En dan heb ik het nog niet eens over de introductie van de nieuwe normering waterveiligheid in de verschillende werkprocessen van de waterschappen en de benodigde samenwerking met andere overheden, de private sector en die met onze inwoners. Ondanks de grote verscheidenheid van deze vragen hebben ze toch tenminste iets gemeen: de onderwerpen worden als urgent ervaren en om ons doel te bereiken hebben we nieuwe kennis nodig of moeten we recente kennis overdragen.

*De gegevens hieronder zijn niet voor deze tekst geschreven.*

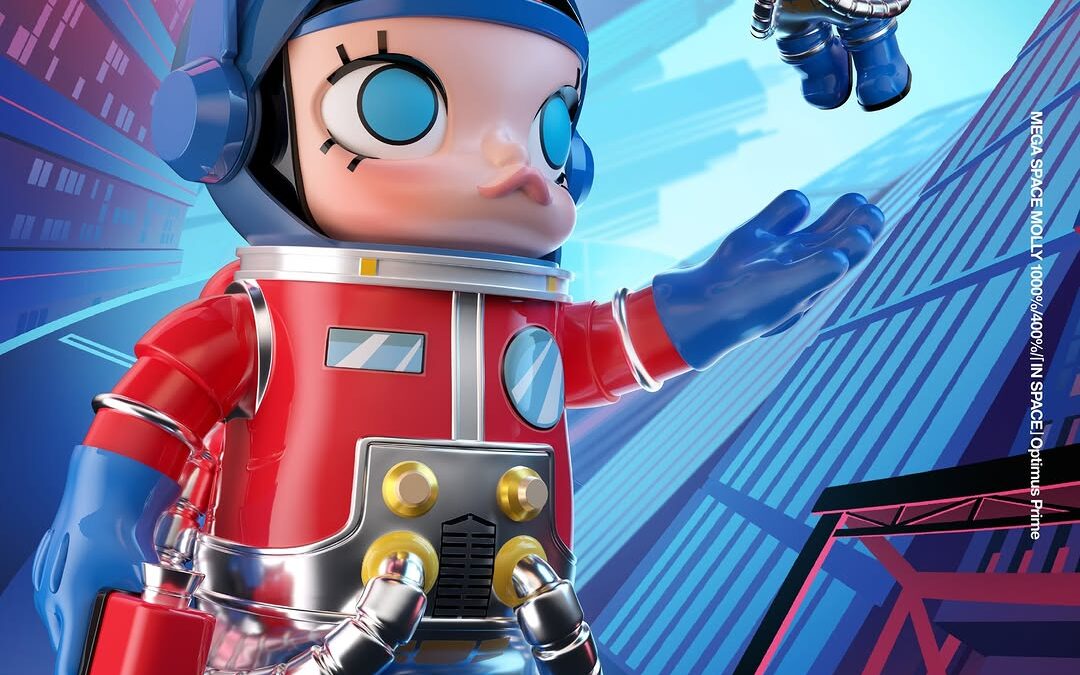 Pop Mart Mega Space Molly Optimus Prime Images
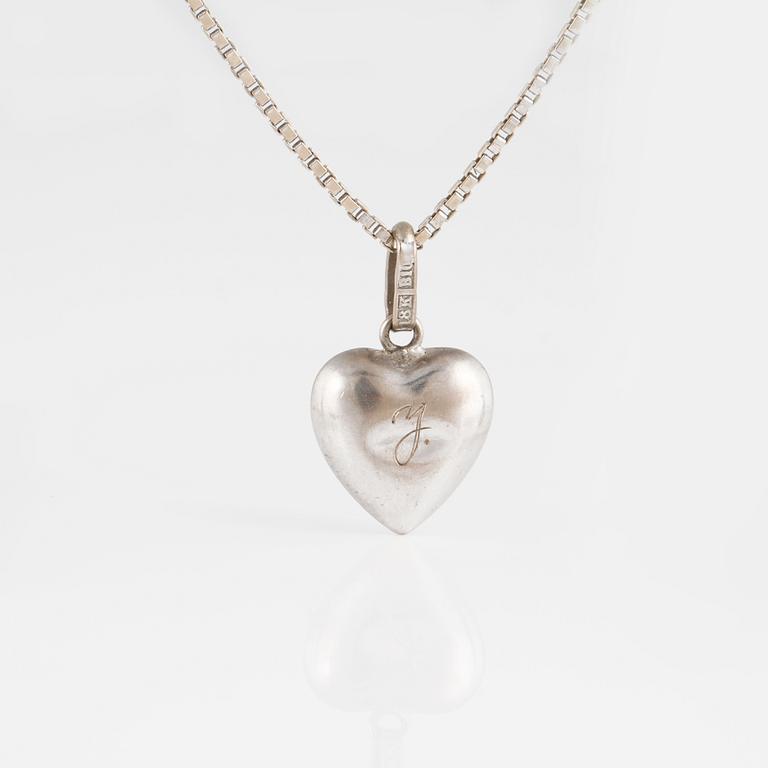 HÄNGE, 18K vitguld, Hedbergs Guld & Silver, Dalsjöfors, 1976. Vikt 4,4 gram.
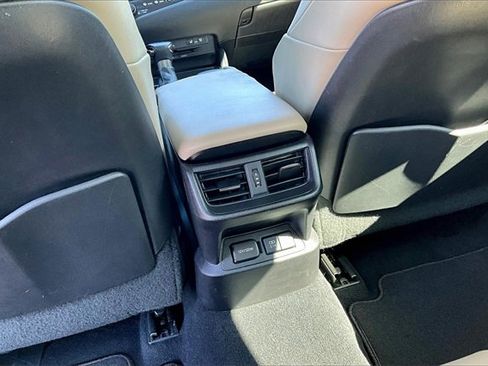 Used 2020 Lexus ES 350 w/ Premium Package image 10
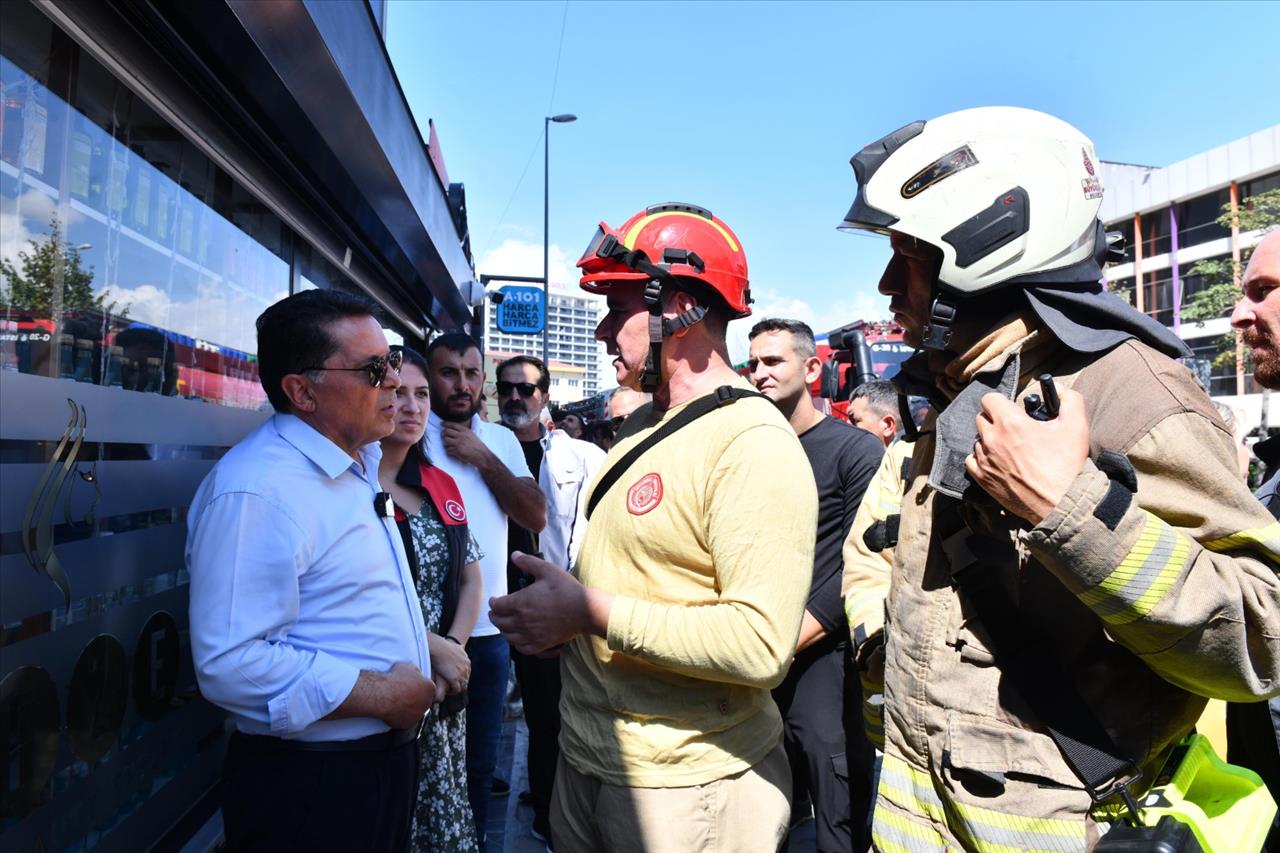 Başkan Özer, 33 Katlı Sitede Çıkan Yangında İncelemelerde Bulundu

Kennis?! Voor STOWA als de kennis- en innovatieorganisatie voor de gezamenlijke waterschappen en provincies op het gebied van waterbeheer is dat natuurlijk mooi. Als we een bedrijf waren geweest, had ik kunnen zeggen dat de order portefeuille goed is gevuld, en meer dan dat. Ik heb in het verleden wel eens gekscherend gezegd dat het lijkt alsof we in de watersector maar een ding tegelijk konden. Nu is het tegenovergestelde waar: het lijkt of alles tegelijk op ons afkomt en we dus ook alles tegelijk moeten kunnen. Ik wil daar eigenlijk ook niet zoveel aan af doen. Het zijn voor een belangrijk deel vragen die vanuit onze omgeving op ons afkomen. En als maatschappelijk relevante organisatie moeten we daar dus iets mee of we willen of niet.

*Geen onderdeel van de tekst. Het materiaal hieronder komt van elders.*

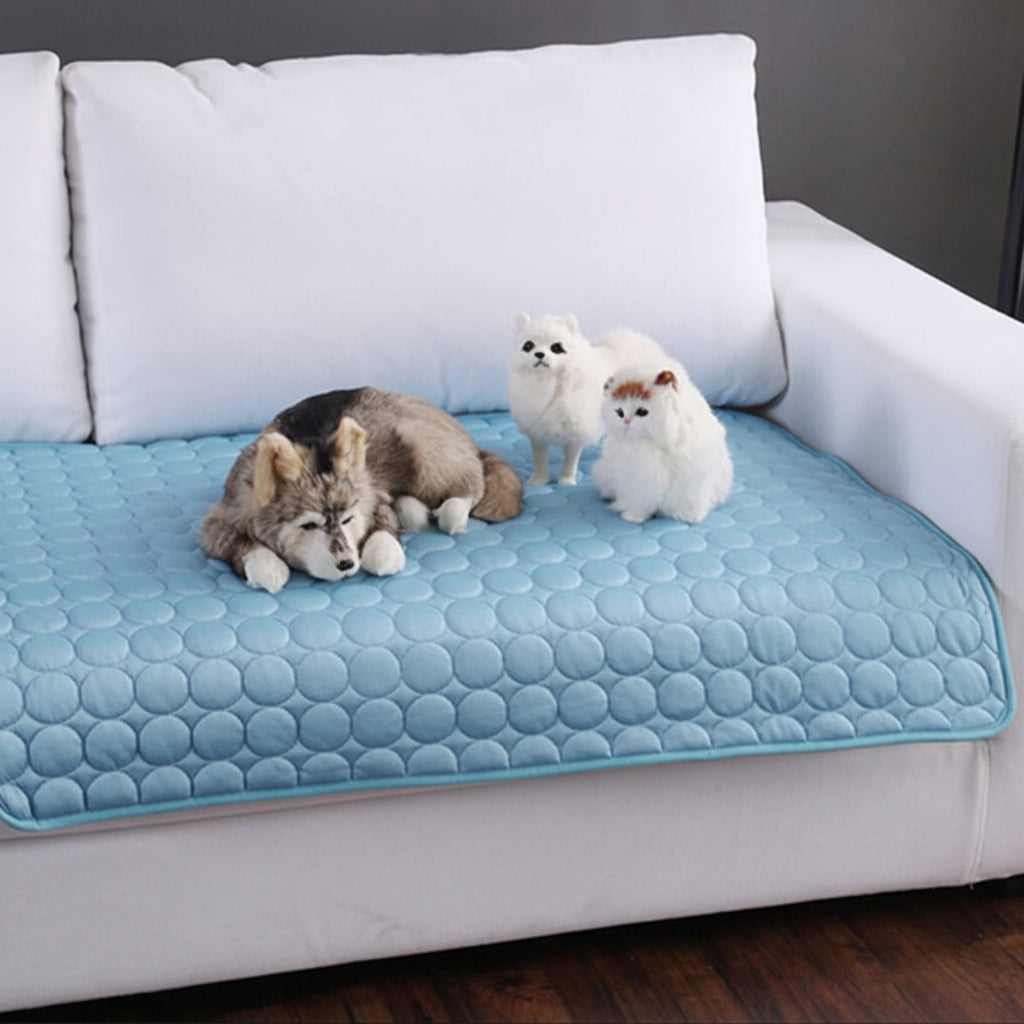 Aeropaw - Self-Cooling Foldable Pet Mat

Het zijn dus bijzondere tijden en tijden die stof tot overpeinzing geven. De waterschappen hebben zich de afgelopen decennia ontwikkeld tot zelfbewuste en kennisintensieve organisaties. Maar ook organisaties die zich hebben ontwikkeld van beheer naar ontwikkeling, ook ontwikkeling van kennis. Als we de kennisinstituten en de kennisintensieve adviesbureaus voor het gemak niet mee tellen gebeurt dat dus op 22 plaatsen in het land, inclusief die in Amersfoort. Ik zie dat op veel plaatsen in het land ook echt gebeuren, prachtige initiatieven die nieuwe kennis en innovaties voortbrengen.
Het zijn de duizend bloemen die bloeien. Soms wordt die kennis gedeeld met anderen maar meestal blijft die kennis verborgen in de moederschoot en blijft het bij een enkele bloem. Wat mij betreft besteden we meer aandacht aan het delen van de nieuw verworven kennis en liever nog het samen ontwikkelen van kennis met buurwaterschappen of met alle eenentwintig. Een enkele bloem is mooi, een boeket nog mooier, daar kunnen we allemaal van genieten.